ME, MY BROTHER, AND A ’73 CHEVY CONVERTIBLE: AN ALL-AMERICAN ROAD TRIP
First, the car: a 1973 Chevrolet Caprice Classic convertible with a midnight blue body and a snowcap white top. It featured a white leather interior and a thin, oversized wheel that they don’t make anymore—the kind that makes you want to lean back a little bit more, roll down the window, relax your grip, and settle in for a long drive.
It had spent its life under my grandparents’ care in Texas and didn’t sport so much as a scratch. My oldest brother, Patrick, had wanted it from an early age. He waited patiently—years—for that car, and one day in 2003, they told him it was time. It was his, so long as he could pick it up in Houston and drive it home—across five states and nearly 1,500 miles—to northern Virginia. He needed a wingman for this adventure, and so I volunteered.
The drive is roughly twenty-one hours and one you could force in a day, but we wanted to enjoy the car without pushing it too hard. Our Granddad went directly to the AAA offices and printed out our route: we’d go north toward Dallas, through Texarkana, overnight in Memphis—where we’d pause to enjoy barbecue, live music, and, of course, tour Graceland—then head northeast from Nashville and make our way up Virginia via Roanoke. Pat even hoped we’d fit in a detour to the Carolina coast and see the beach along the way.
At the time, I was twenty-three and working my first job out of college. He had just wrapped more than a decade as a professional musician, touring and playing live shows nearly three hundred days out of the year. This type of trip was old hat for him, but for me, driving half the country with my oldest brother in a car like this was something I’d brag about for years to come.
Since my vacation days were tight, we had to pack in the family visit in Houston and drive the car back over a long weekend. Yet the morning we were set to leave, Hurricane Isabel entered the DC area and wreaked havoc on flight delays. We arrived late by nearly a day, truncating our already-tight itinerary.
I started to do the math: We’d either have to cut short our family visit or skimp on driving time. I didn’t want to do either. Pat, however, was no stranger to travel mishaps. He just shrugged. “Honey, it’s going to work out the way it’s going to work out,” was his general response.
To be sure, even a flight delay couldn’t level the fun.
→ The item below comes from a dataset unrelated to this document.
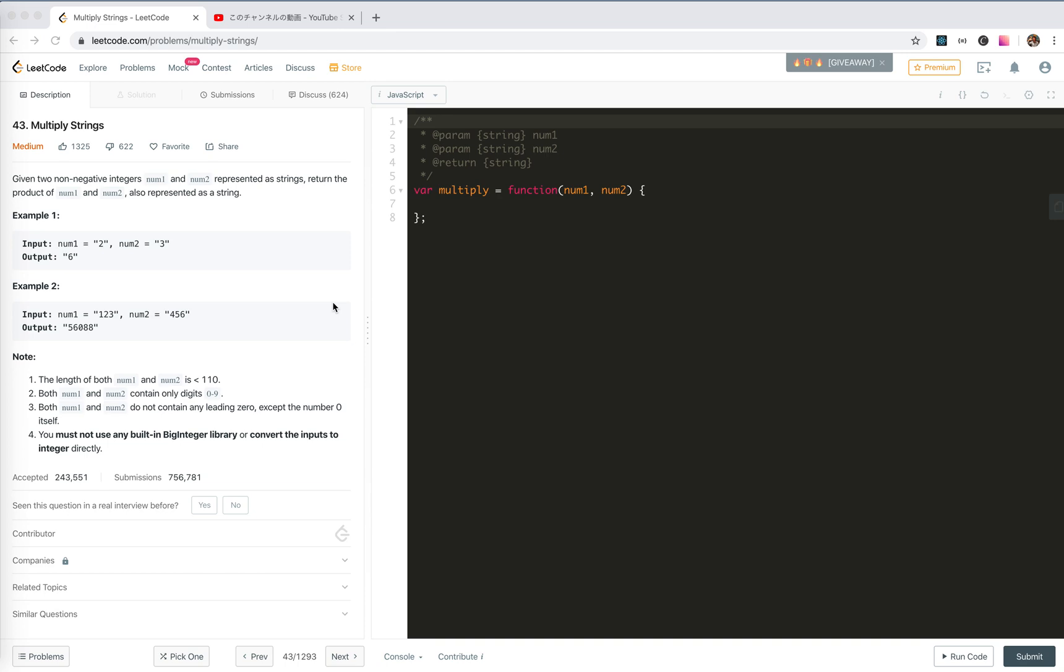Let's take a look at number 43, multiply strings. We're given non-negative integers num1 and num2 represented as strings. Return the product of these two numbers. So we're actually going to create our own version of big integer library. There were similar questions about like sum up, the easy one would be like sum up two big numbers represented as strings. Here you need to do the multiply.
No visit to Houston would go without some quality time with our grandparents as well as the chance to see our aunts, uncles, and cousins who also live out there. I was finally at the age where I could enjoy Granddad’s nightly gin and tonic hour (to this day, one of the best G&Ts I’ve ever had). There would be a meal at Brennan’s, an outing for Tex-Mex, and most definitely a night where Granddad fired up the grill for Texas steaks. That was our final night, our last feast to protein-load before taking off.
We pulled out of their driveway the next morning toting a cooler Gram had packed full of sandwiches and snacks. Even with a long drive ahead, cruising the South with Pat would be effortless and fun. He knew how to pass time on the road—making up games to span the hours, leaning into the joys of being beholden to the whims of intermittent radio connections.
I was nervous to drive the car, convinced the odds of something happening to it were in my favor while I was behind the wheel. But Pat gave me my first harmonica and my first keyboard. He taught me how to make pie crusts from scratch and gave me my first pocketknife; he was all for having me take my shifts.
I have a great driving record, but he still taught me things like how to be helpful to truck drivers—flashing your lights so they know they can move into your lane, keeping a safe distance from them before switching lanes yourself. Even from the confines of a car he’s charismatic; I remember getting waves from other drivers regularly along the way.
As we neared Memphis, Pat laid out our game plan. He had toured there before and was excited to return. We’d see the famous duck walk at the Peabody Hotel; grab barbecue at Rendezvous, one of his favorites; and, of course, cap the stop with a visit to Graceland.
We rolled into town high on anticipation—until we walked up to the restaurant, ravenous for lunch, to find it empty. “Did it close down completely?” I asked, confused.
“No,” he said slowly, something dawning on him. “It’s Sunday.” We ended up eating elsewhere nearby, though I don’t remember much about the meal. I was already worried about what else might be closed. Sure enough, Graceland wasn’t doing tours. But when you’re traveling with someone used to last-minute changes, you can trust that they’ll negotiate new plans on the fly. We walked around the grounds that were open to the public and goofed off at the gift shop, marveling over the ways you can repurpose Elvis’s image: on bedspreads, thermoses, even soap-on-a-rope (which we bought).
We never made it to the beach for our detour, but we saw horizon-leveling stretches of farms, tumbleweed, the colored peaks of the Blue Ridge Mountains, and even crippling DC-area traffic. The car did great. It still does; it’s parked in his garage today, ready for its next spin.
I asked him about the trip the other day, wondering what he’d have to say about the mishaps: the delayed flights, the missed barbecue, the fact that it seems we never had enough time to fit in all the things we wanted to do. He just smiled.
“Yeah,” he said. “But we still pulled up to Graceland in a ’73 Chevy.”